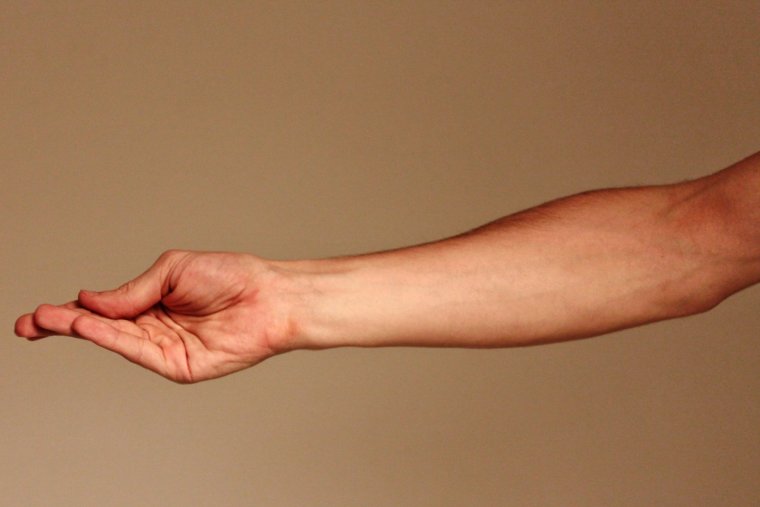 Рука предплечье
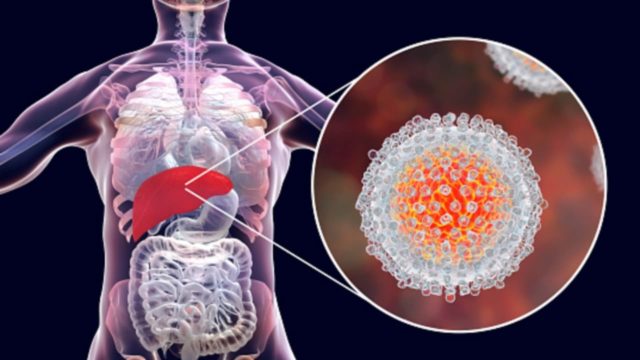 Descubren cómo el virus de la Hepatitis C causa infección crónica "burlando" al sistema inmunológico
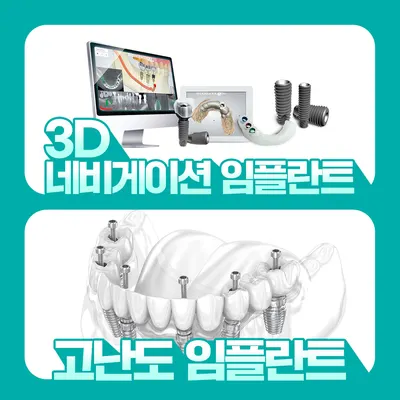올봄플란트치과의원 — 업체가 네이버 플레이스에 올린 사진 2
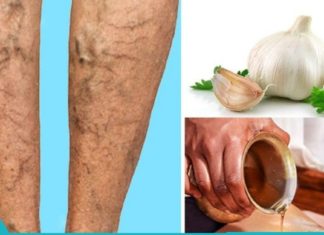 ვარიკოზული ვენების მკურნალობა ხალხური მედიცინით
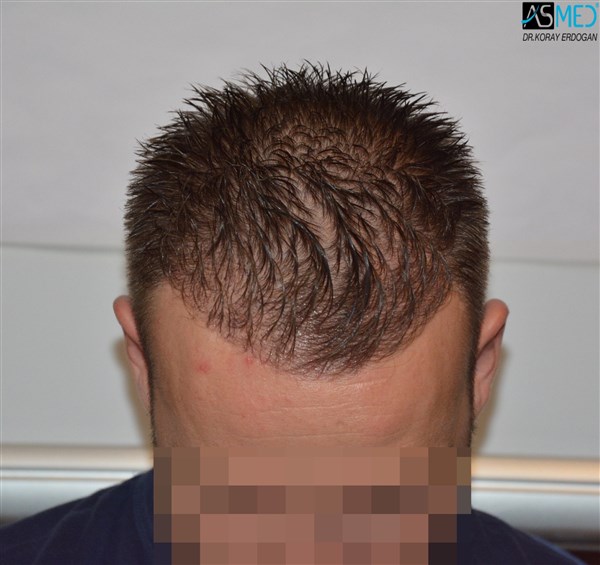 FUE Hair Transplant Result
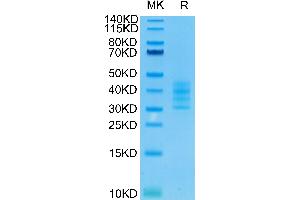 Human BCMA Trimer on Tris-Bis PAGE under reduced condition. (BCMA Protein (Trimer) (His-Avi Tag))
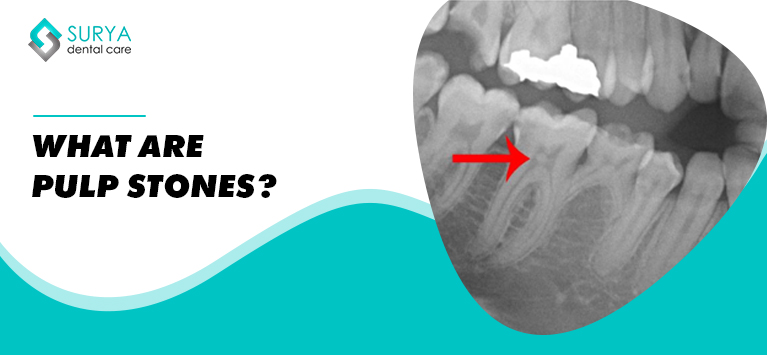 Pulp Stone – Causes, Types, and Removal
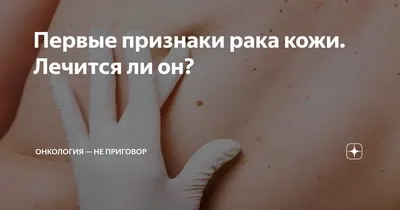 Лечение рака кожи в Киеве - цены и отзывы в клинике Оксфорд Медикал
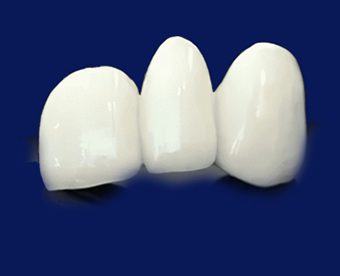 SMART 1 Implant Abutments - Burbank Dental Lab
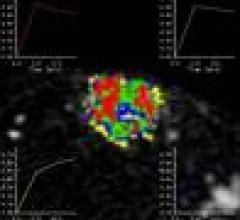 Kinetic Variable Useful for Identifying Malignant MRI-Detected Breast Lesions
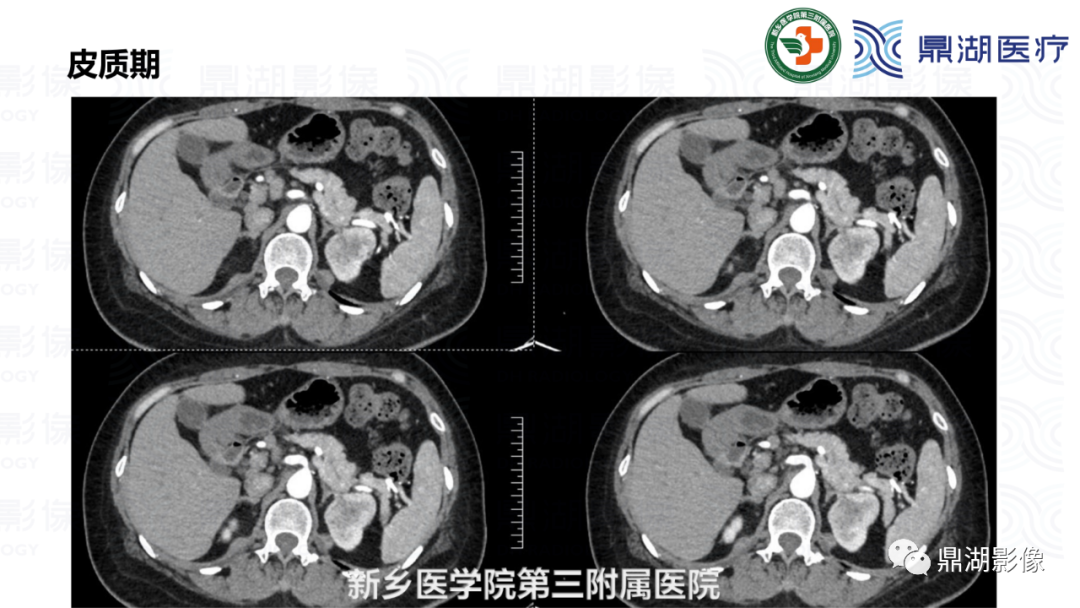 影像PPT - 【病例】肾脏血管平滑肌脂肪瘤—蛋筒冰淇淋征-7 影像PPT - 【病例】肾脏血管平滑肌脂肪瘤—蛋筒冰淇淋征-7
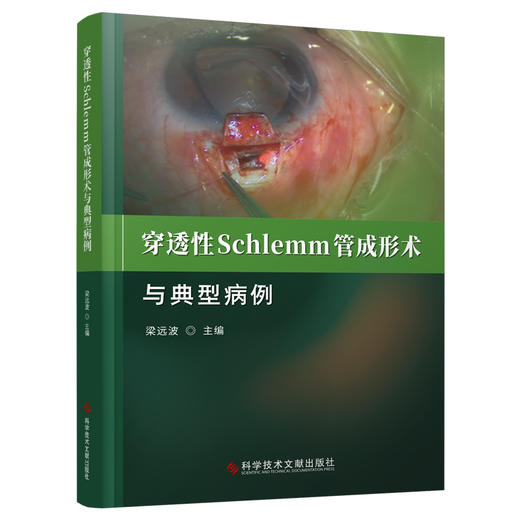 穿透性Schlemm管成形术与典型病例 梁远波主编 青光眼眼外科手术操作 临床应用典型病例研究分析 科学技术文献出版社9787523513569 商品图1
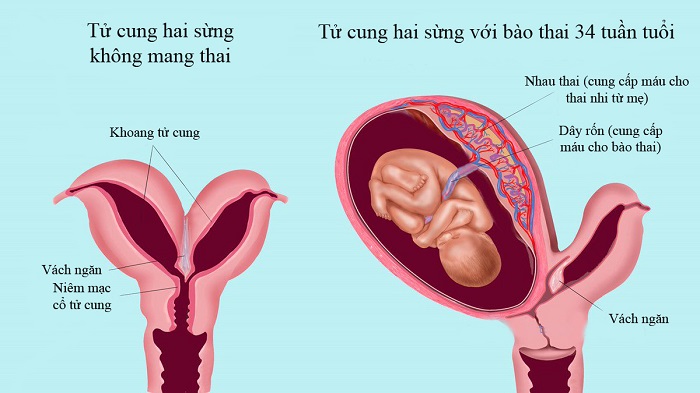 Tử cung hai sừng là gì? Tử cung hai sừng ảnh hưởng như nào tới việc mang thai?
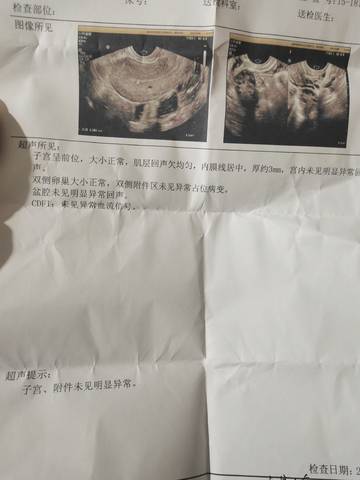 journal_insert_pic_1688406929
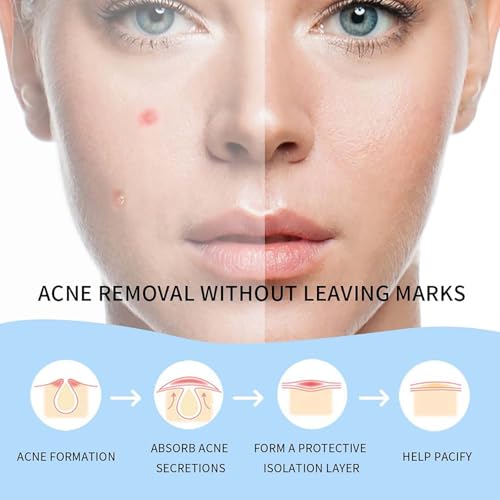 Safirst Hydrocolloid Acne Patches 36 Count Invisible Blemish Spot Stickers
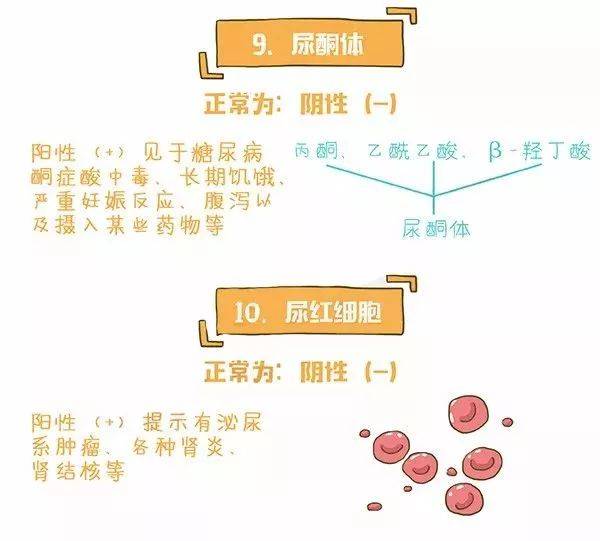 一图读懂尿常规化验单 3分钟学会 快收藏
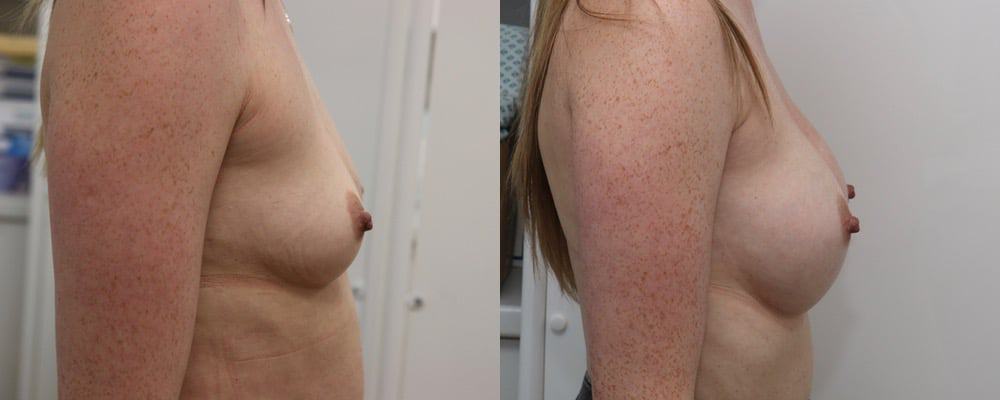 Breast enlargement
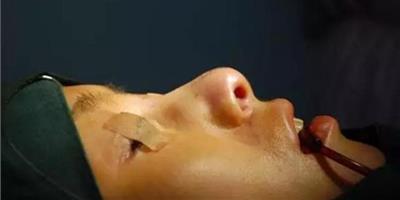 鼻綜合手術是怎麼做的 鼻綜合手術過程圖解析
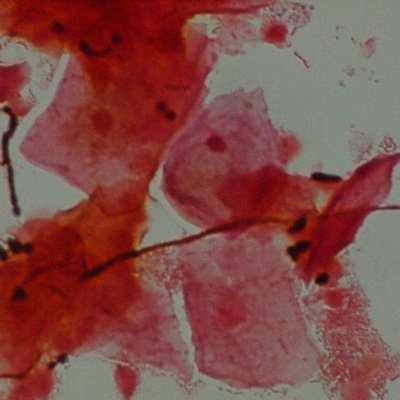 Cryptococcus17's profile picture. 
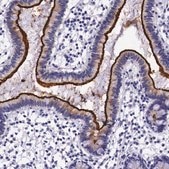 Anti-ACE2 antibody produced in rabbit Prestige Antibodies® Powered by Atlas Antibodies, affinity isolated antibody, buffered aqueous glycerol solution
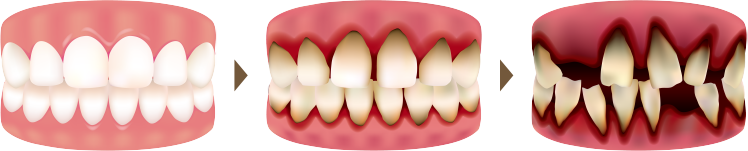 春日井市八光町・ももはな歯科クリニック・歯周病とは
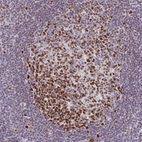 Immunohistochemical staining of human tonsil shows strong nuclear positivity in germinal center cells.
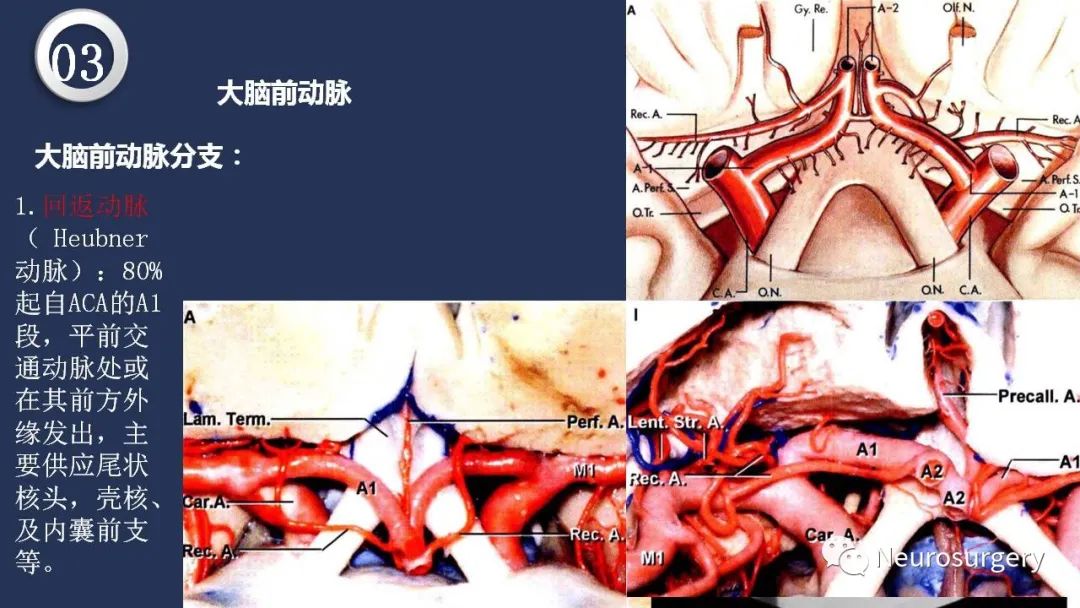 影像PPT - 【PPT】颅内动脉系统相关解剖-45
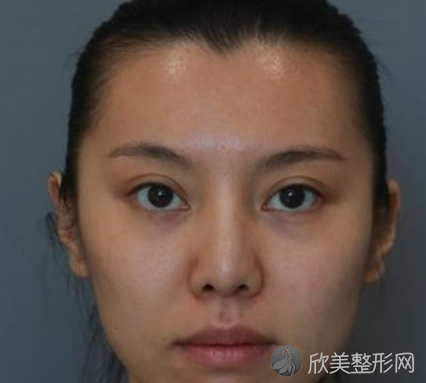成都友谊医院李萍隆鼻怎么样-真实案例反馈--较近价格表
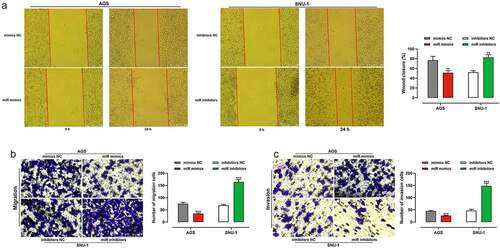 Figure 3. Effects of miR-200b-3p on migration and invasion of GC cells.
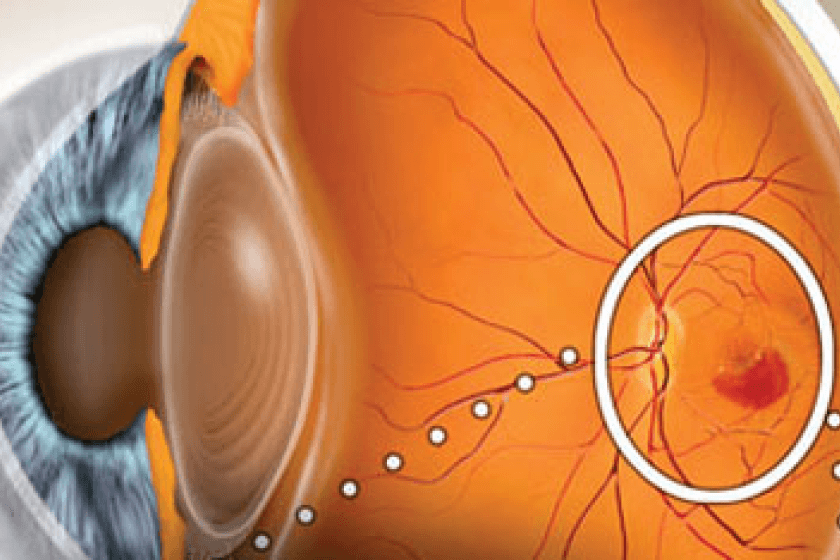 Макулодистрофия глаза: симптомы и причины заболевания, лечение сухой и влажной макулодистрофии сетчатки глаза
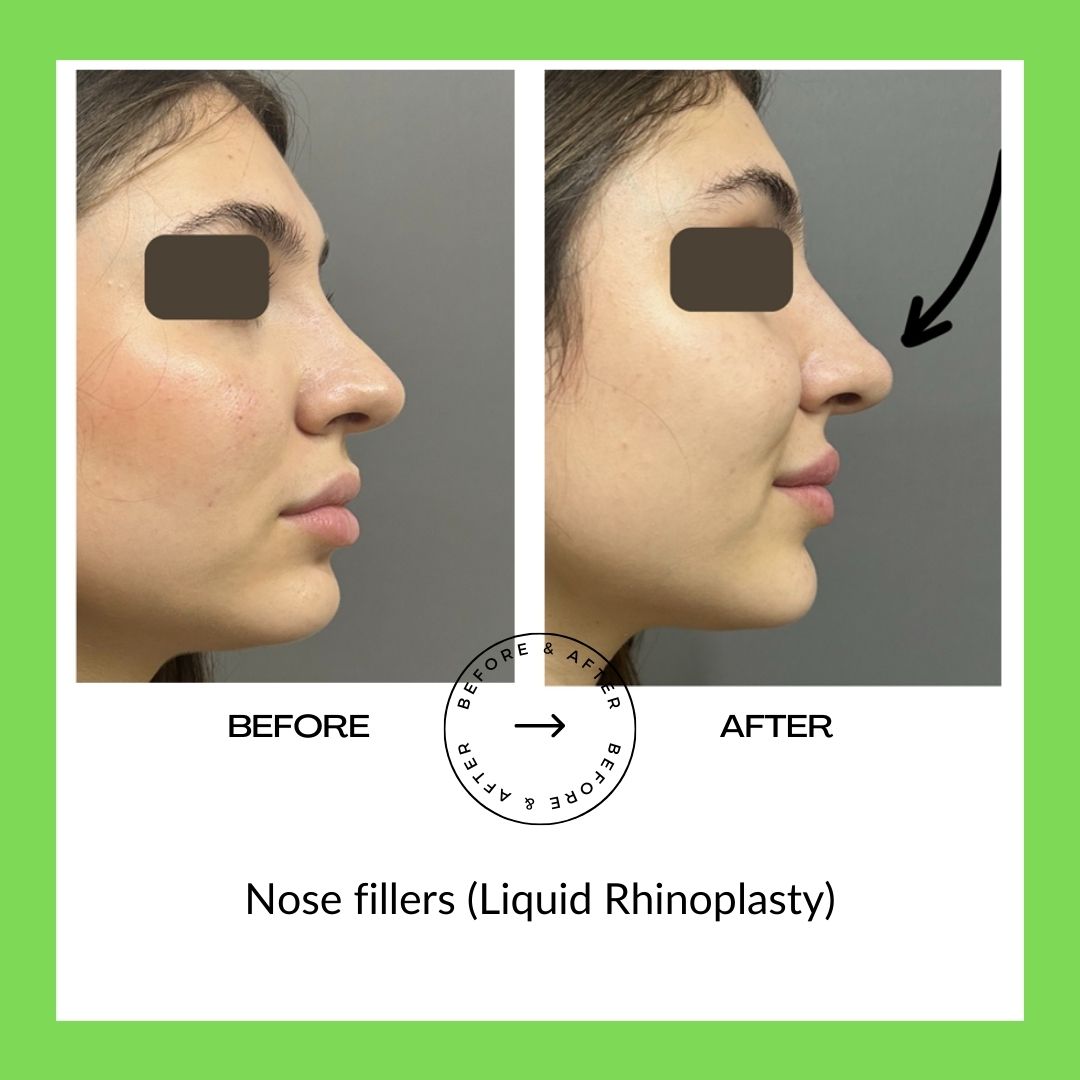 Nose fillers (Liquid Rhinoplasty)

-.-.-

* Task objective:
Copy the records above exactly, omitting every picture.

* Task response:
 Рука предплечье
 Descubren cómo el virus de la Hepatitis C causa infección crónica "burlando" al sistema inmunológico
올봄플란트치과의원 — 업체가 네이버 플레이스에 올린 사진 2
 ვარიკოზული ვენების მკურნალობა ხალხური მედიცინით
 FUE Hair Transplant Result
 Human BCMA Trimer on Tris-Bis PAGE under reduced condition. (BCMA Protein (Trimer) (His-Avi Tag))
 Pulp Stone – Causes, Types, and Removal
 Лечение рака кожи в Киеве - цены и отзывы в клинике Оксфорд Медикал
 SMART 1 Implant Abutments - Burbank Dental Lab
 Kinetic Variable Useful for Identifying Malignant MRI-Detected Breast Lesions
 影像PPT - 【病例】肾脏血管平滑肌脂肪瘤—蛋筒冰淇淋征-7 影像PPT - 【病例】肾脏血管平滑肌脂肪瘤—蛋筒冰淇淋征-7
 穿透性Schlemm管成形术与典型病例 梁远波主编 青光眼眼外科手术操作 临床应用典型病例研究分析 科学技术文献出版社9787523513569 商品图1
 Tử cung hai sừng là gì? Tử cung hai sừng ảnh hưởng như nào tới việc mang thai?
 journal_insert_pic_1688406929
 Safirst Hydrocolloid Acne Patches 36 Count Invisible Blemish Spot Stickers
 一图读懂尿常规化验单 3分钟学会 快收藏
 Breast enlargement
 鼻綜合手術是怎麼做的 鼻綜合手術過程圖解析
 Cryptococcus17's profile picture. 
 Anti-ACE2 antibody produced in rabbit Prestige Antibodies® Powered by Atlas Antibodies, affinity isolated antibody, buffered aqueous glycerol solution
 春日井市八光町・ももはな歯科クリニック・歯周病とは
 Immunohistochemical staining of human tonsil shows strong nuclear positivity in germinal center cells.
 影像PPT - 【PPT】颅内动脉系统相关解剖-45
成都友谊医院李萍隆鼻怎么样-真实案例反馈--较近价格表
 Figure 3. Effects of miR-200b-3p on migration and invasion of GC cells.
 Макулодистрофия глаза: симптомы и причины заболевания, лечение сухой и влажной макулодистрофии сетчатки глаза
 Nose fillers (Liquid Rhinoplasty)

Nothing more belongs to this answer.